**Available data:**
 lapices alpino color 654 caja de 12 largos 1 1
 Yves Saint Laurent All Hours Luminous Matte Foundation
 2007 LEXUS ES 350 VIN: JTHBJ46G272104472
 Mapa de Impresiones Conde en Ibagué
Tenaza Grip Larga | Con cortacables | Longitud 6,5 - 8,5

==

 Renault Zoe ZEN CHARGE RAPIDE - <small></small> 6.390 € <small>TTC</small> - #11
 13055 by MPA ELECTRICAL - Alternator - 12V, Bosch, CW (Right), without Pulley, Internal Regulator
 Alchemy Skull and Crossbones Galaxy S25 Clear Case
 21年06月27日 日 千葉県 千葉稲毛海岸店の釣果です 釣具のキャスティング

---

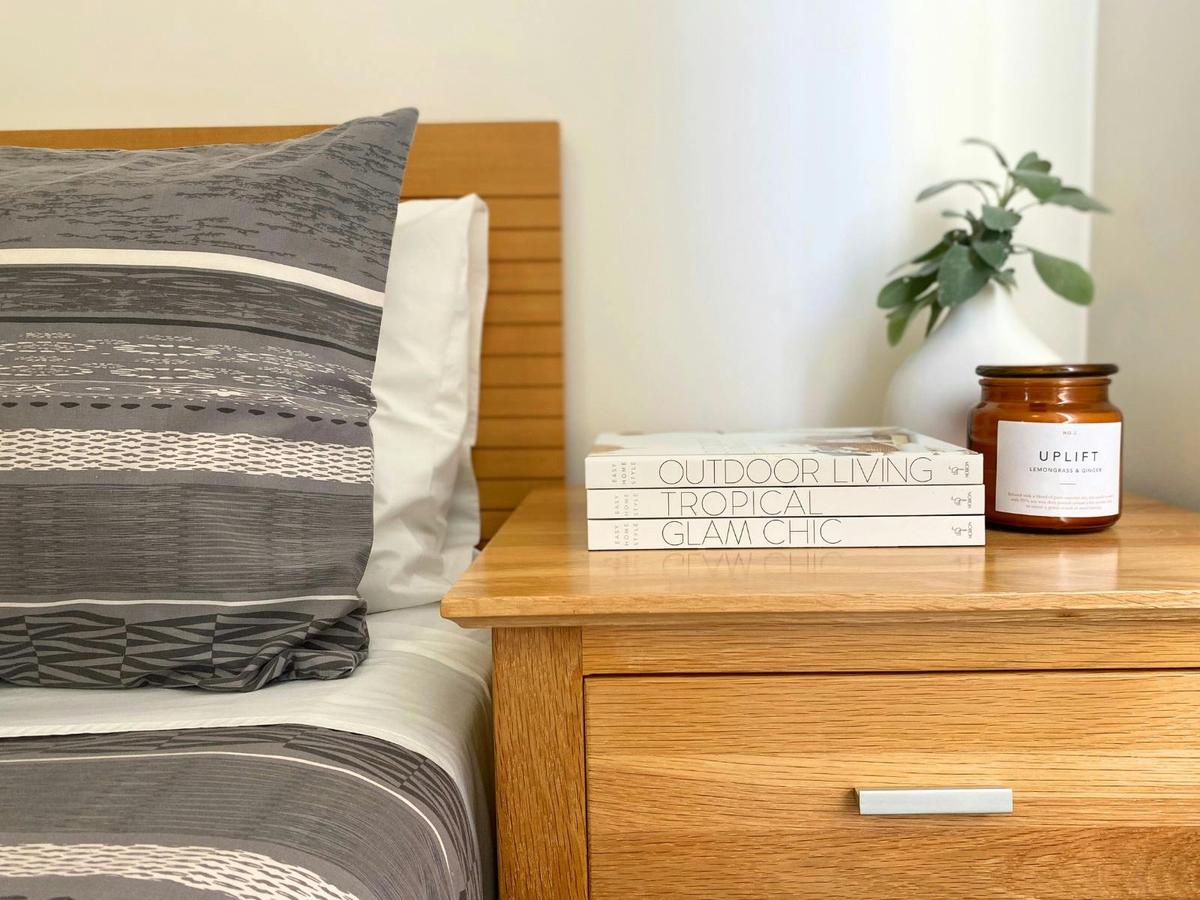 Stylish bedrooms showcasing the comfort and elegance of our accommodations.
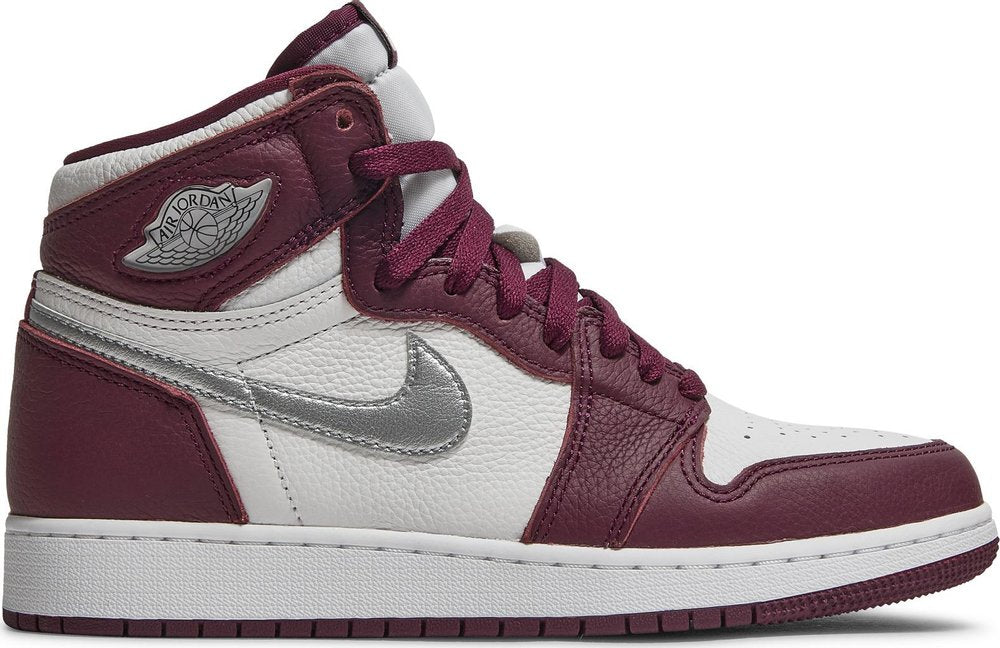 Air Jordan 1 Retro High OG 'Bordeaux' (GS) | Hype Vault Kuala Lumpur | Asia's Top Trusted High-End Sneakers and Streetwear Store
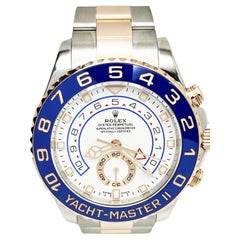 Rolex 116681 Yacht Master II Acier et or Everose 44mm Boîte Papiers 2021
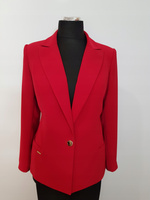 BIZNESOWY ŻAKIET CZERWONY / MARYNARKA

**Activity:**
Referring to the material above, set down exactly the lines between the line with "lapices alpino color" and the line with "Tenaza Grip Larga", inclusive, and no other lines.

**Result for this task:**
 lapices alpino color 654 caja de 12 largos 1 1
 Yves Saint Laurent All Hours Luminous Matte Foundation
 2007 LEXUS ES 350 VIN: JTHBJ46G272104472
 Mapa de Impresiones Conde en Ibagué
Tenaza Grip Larga | Con cortacables | Longitud 6,5 - 8,5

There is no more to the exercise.